Fig. 7.2. Système nerveux périphérique : fibres sensitives, nerf spinal et voies ascendantes.
(Source : CEN, 2019.)

Item 95 – Radiculalgies et syndromes canalaires

I. Mononeuropathies : syndromes canalaires et compressions posturales
II. Radiculopathies
III. Atteintes plexiques (plexopathies)

I. Mononeuropathies : syndromes canalaires et compressions posturales

  • Les syndromes canalaires sont liés à des compressions des nerfs périphériques dans des zones anatomiques étroites pour le cheminement du nerf.
  • Les compressions dites posturales surviennent dans des zones anatomiques localisées où le nerf est superficiel et donc vulnérable à une compression externe.
  • La symptomatologie est importante à connaître pour établir le diagnostic différentiel avec les radiculalgies (tableau 7.1, figures 7.4 et 7.5).

Fig.7.3. Organisation anatomique de l'émergence des radicelles, des racines nerveuses et du plexus brachial.
(Source : )

Fig. 7.4. Territoires tronculaires.
(Source : CEN, 2019, illustration : Hélène Fournié.)

Fig. 7.5. Territoires radiculaires.
(Source : CEN, 2019, illustration : Hélène Fournié.)

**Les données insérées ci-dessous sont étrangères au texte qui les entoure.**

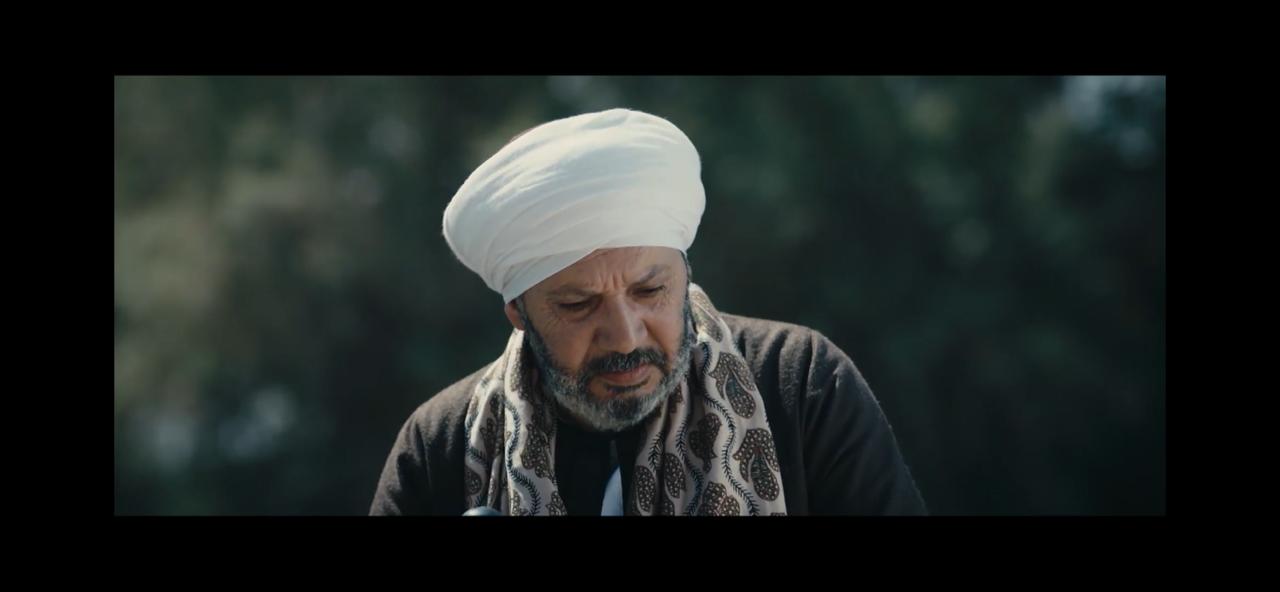 مسلسل عملة نادرة الحلقة 24  حسن أبو عصاية يطلب من الشيخ منزلاوي الحكم في عودة يوسف لنادرة (2)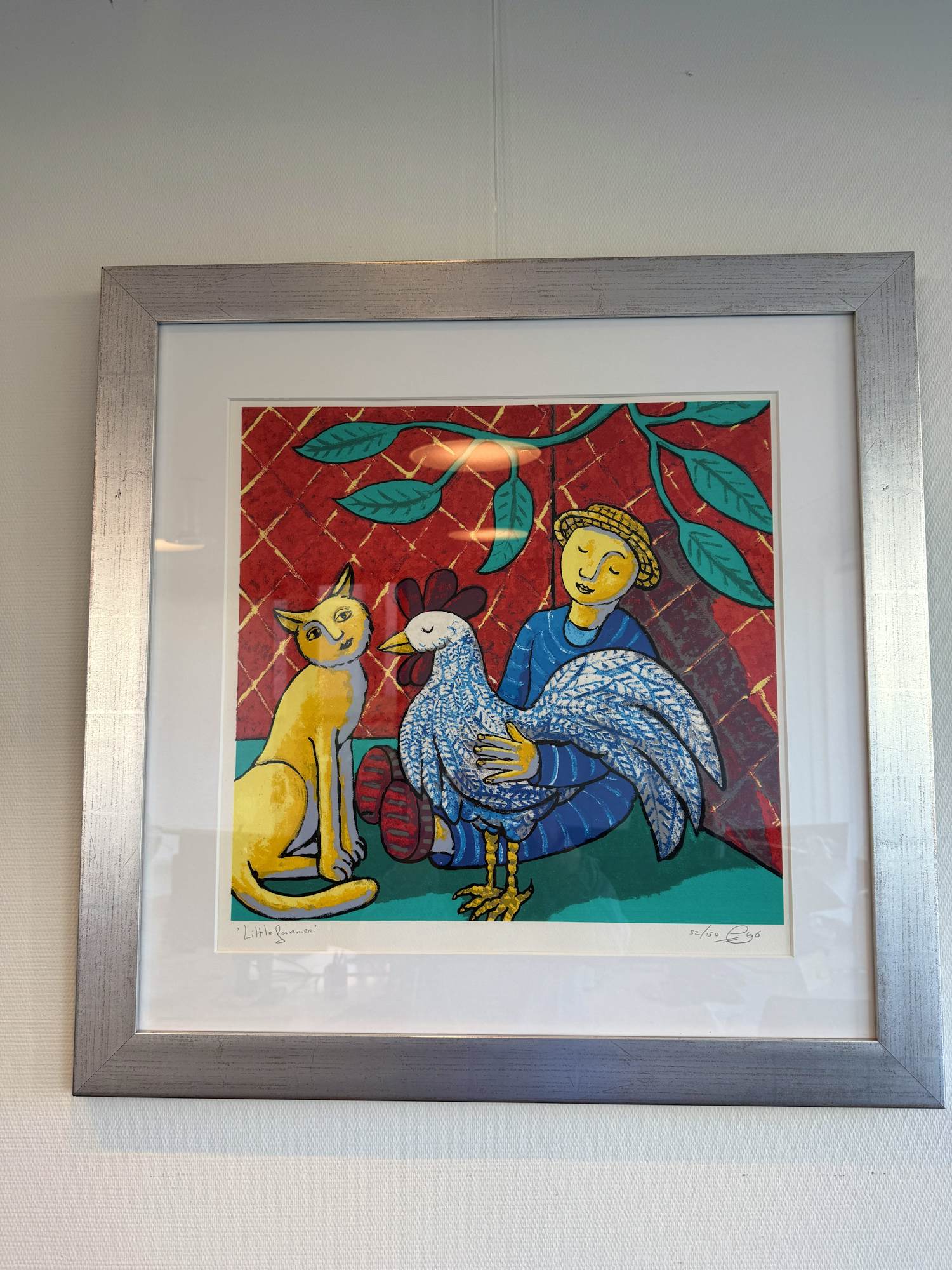 Jacques Tange - Little Farmer kopen? Bied vanaf 100!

  • Le trouble initial est lié à un blocage de la propagation de l'influx secondaire à la compression (bloc de conduction).
  • Lorsque la compression est sévère et prolongée, les lésions initiales se compliquent d'une dégénérescence axonale.
  • L'ENMG montre le bloc de conduction et établira l'importance de la perte axonale éventuelle (cf. infra figure 7.12) ; schématiquement :
    • l'atteinte initiale se traduit par un ralentissement ou un blocage de la conduction nerveuse ;
    • la dégénérescence axonale se traduit par une diminution de la réponse motrice ou sensitive en aval du site lésionnel avec des signes de dénervation des fibres musculaires (tracé neurogène) (cf. infra figure 7.10).

A. Clinique

  • Le plus souvent, atteinte de troncs nerveux sensitivo-moteurs (nerfs mixtes).
  • Plus rarement, la symptomatologie est purement sensitive ou à prédominance sensitive (paresthésies).
  • Une atteinte purement motrice doit conduire à remettre le diagnostic en cause (cf. infra item 96).
  • L'examen objective le territoire anatomique du déficit moteur et sensitif.
  • Une amyotrophie traduit l'existence d'une atteinte axonale déjà évoluée (figure 7.6).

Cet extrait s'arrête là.